Across the Bay Area and the state, juvenile detention centers are more than half empty, and the rates of juvenile crime have dropped precipitously over the last two decades.

The Chronicle did a big cover story today about the not-well-understood trend of falling juvenile crime rates, which have been steadily dropping since a well noted spike in the late 1990s.

The Center on Juvenile and Criminal Justice (CJCJ) reported the astonishing figure back in 2016 that juvenile crime in San Francisco had dropped 80 percent over the course of the previous 20 years.
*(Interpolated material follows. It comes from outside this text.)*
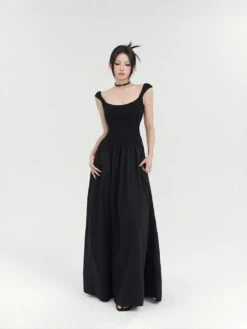 Sleeveless Vintage Square Neckline Maxi Dress -Modern Wear Shop 2ef1f70f63292e4d17c44d91a739b898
CJCJ noted that about 6,000 juveniles were referred to the Juvenile Probation Department in SF in 1996, and in 2015 that number was down to 1,200.

And Child Trends reported on the trend at the national level, saying that overall rates of juvenile crime were significantly down among all races between 1997 and 2015.

According to the Chronicle's analysis, this has meant that about 4,700 fewer juveniles have been killed in California over the last two and a half decades as would have been killed if juvenile homicide rates had remained steady.

Experts have yet to arrive at an explanation for this trend, either at the state or national level. "Nobody knows why this occurred," says Mike Males, a senior research fellow with CJCJ, speaking to the Chronicle. "[The downward trend happened] almost regardless of what local, state or national policies were adopted."

Only one clue in the California data possibly points to the economy — the downward trend reversed and spiked up briefly just before the Great Recession, in 2006, only to begin falling again the next year.

SF District Attorney George Gascon tells the Chronicle he believes that policies around juvenile incarceration changed over the past two decades after research showed that even one stint in juvie could lead to recidivism.

"We recognized that actually institutionalizing people, especially young people for low-level offenses, actually has the reverse impact. It doesn’t deter them," Gascon tells the Chron.

The spike in juvenile crime led to a building boom for juvenile detention halls back around 2000, as well a state proposition imposing harsher sentences on current and former gang members even if they committed minor offenses.

Now those juvenile halls have plenty of space in them. Per the Chron: "Nevada County had an average of five juveniles locked up each day last year in a facility built to hold 60. Alameda County had 66 kids in a building designed for 358."

Violent crime at the national level is at a historic low, as this 2018 report by the Congressional Research Service showed, though rates of violent crime appeared to be on the rise in cities of all sizes between 2015 and 2016.

Still, as the CJCJ reported, there are twice as many arrests each year of people over age 50 in San Francisco than of those under 18.